Il faut commencer bien évidemment par former l’équipe de sécurité à la culture devops et aux architectures micro-services, pour bien comprendre la différence avec les autres types d’architectures. Ensuite, quelques bonnes pratiques sont à mettre en place pour bien savoir sécuriser les images, comme par exemple :

  • Créer une partition physique séparée pour Docker.
  • Maintenir le système et les images à jour et ne posséder que le strict minimum
  • Eviter le stockage de secrets au sein d’une image. Moins le conteneur possède d’outils, plus la compromission sera difficile
  • Ne pas utiliser n’importe quel registre
  • Contrôler les communications entre containers
  • S’assurer que les images ont été suffisamment testées et s’assurer qu’elles correspondent à ce qu’elles sont censées être
  • Définir des politiques sécurisées de communication et d’administration au sein de l’infrastructure
  • Vérifier les sources de construction des images utilisées par les conteneurs et assurer un suivi de leurs évolutions en appliquant une signature numérique interne.
  • Un scan de vulnérabilité de l’image doit être implémenté avant la validation de celle-ci en tant qu’image de confiance.
  • Gérer les droits d’accès au registre, ou mettre en place un mécanisme de contrôle d’accès et de gestion de rôle/profil des utilisateurs de la solution
  • Limiter les appels système
  • Installer des outils dédiés aux containers, pour vérifier le niveau de sécurité global afin d’identifier les vulnérabilités. Ces outils permettent d’industrialiser les procédures de sécurité.

 

Mais plus que technique, l’enjeu est aussi organisationnel : le passage en mode DevOps et l’orchestration du déploiement d’un conteneur a son propre mode de fonctionnement, et implique de nouvelles méthodologies : les équipes dev, ops, et secu doivent s’accorder entre eux.
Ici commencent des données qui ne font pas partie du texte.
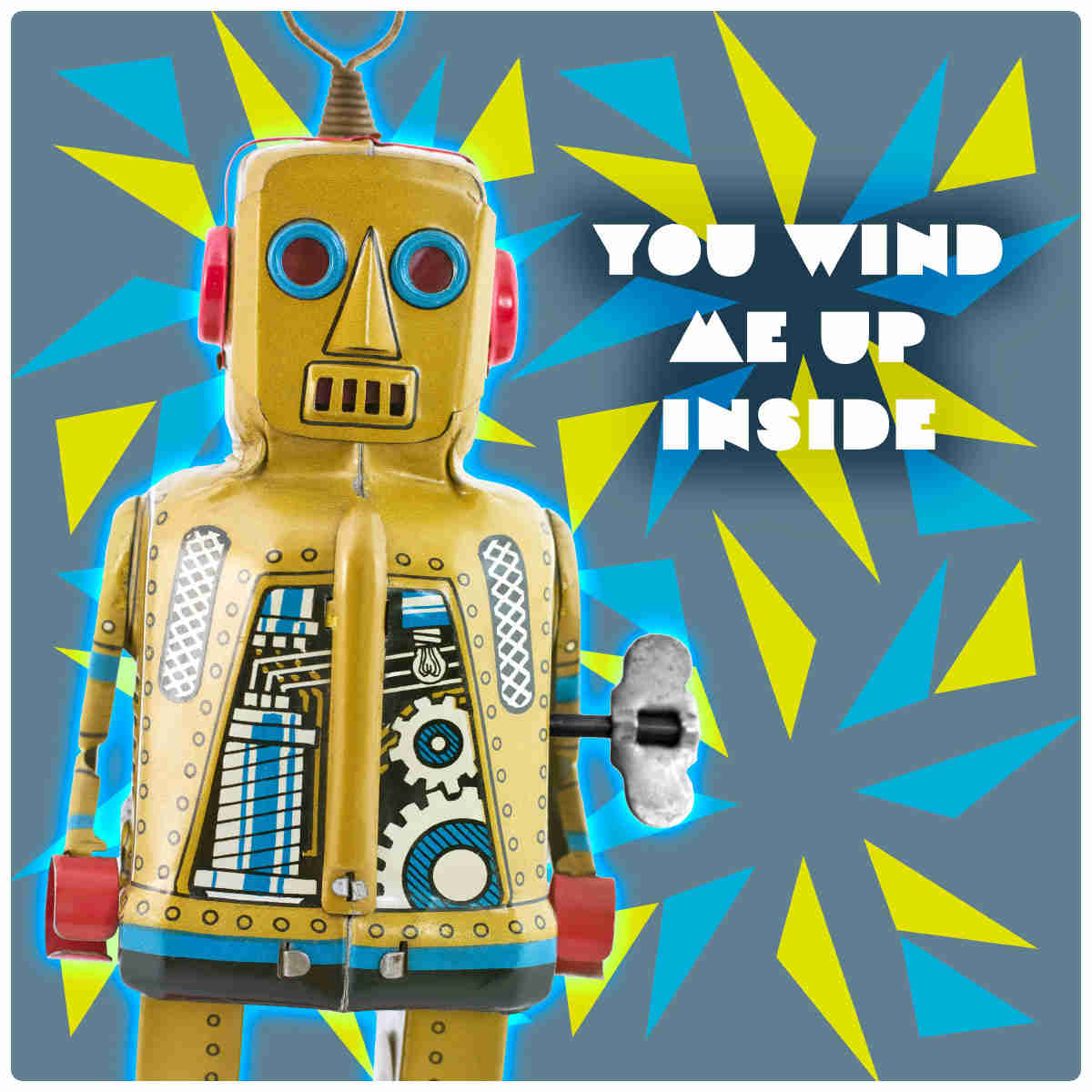 You Wind Me Up Toy Robot Wall Decal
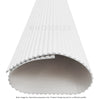 WOODFLEX WHITE PRIMED FLEXIBLE - HALF ROUND 27 - 2700mm X 600mm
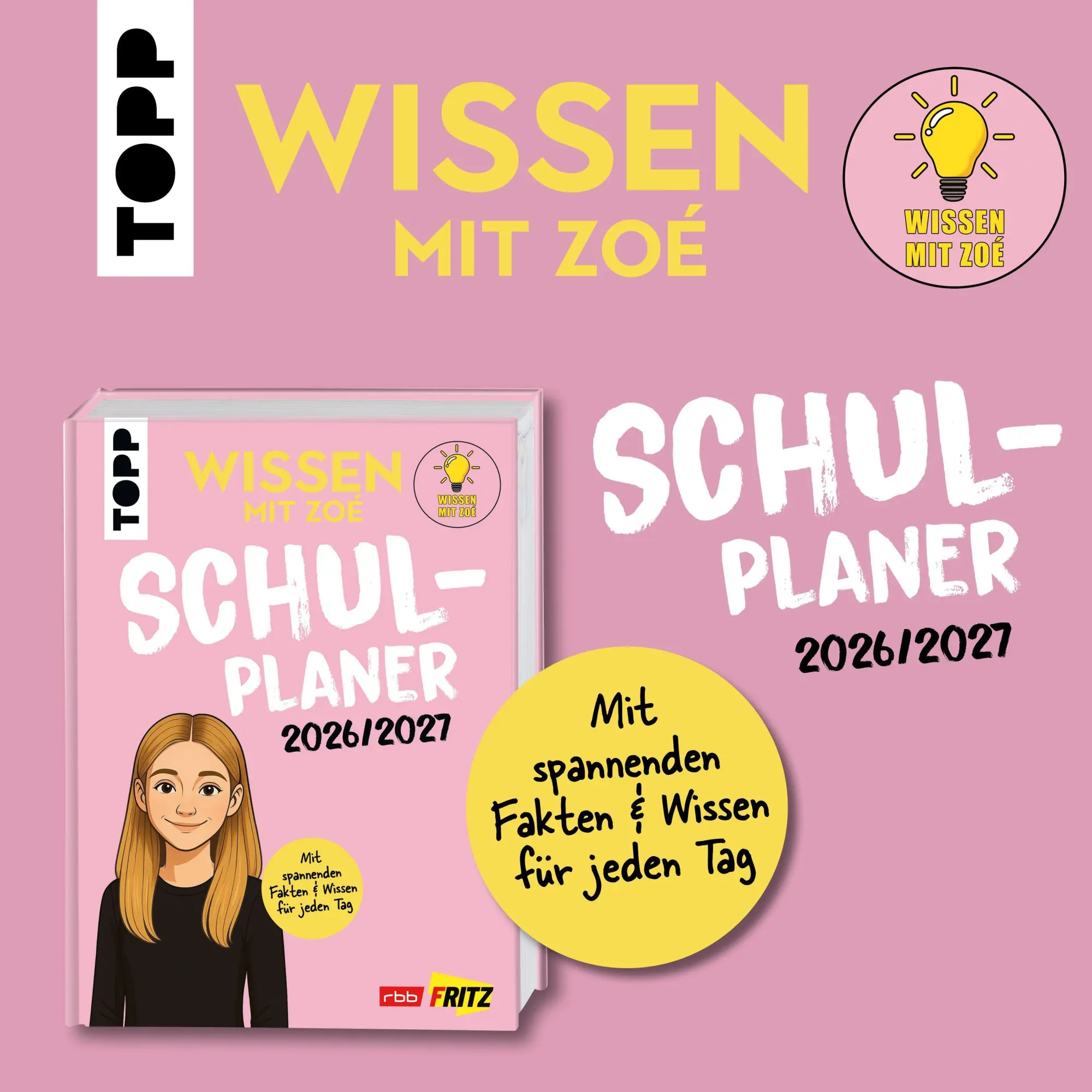 Bild: 9783735854629 | Wissen mit Zoé: Schulplaner 2026/2027 | Wissen mit Zoé | Buch | 160 S.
Les bienfaits du shift-left.

L’idée du shift-Left est de rapprocher les considérations de qualité et de sécurité des applications du développeur, c’est-à-dire à la gauche de la chaine de développement, afin que les problèmes potentiels soient évités ou résolus plus tôt avant même que le code ne soit déployé. Une méthode qui peut amener un vrai retour sur investissement. Cela a en effet un impact important sur la sécurité : les équipes sécu en général se concentrent sur la sécurité au niveau système, et peu au niveau de l’application. Ainsi la sécurité est anticipée dès la conception de l’application.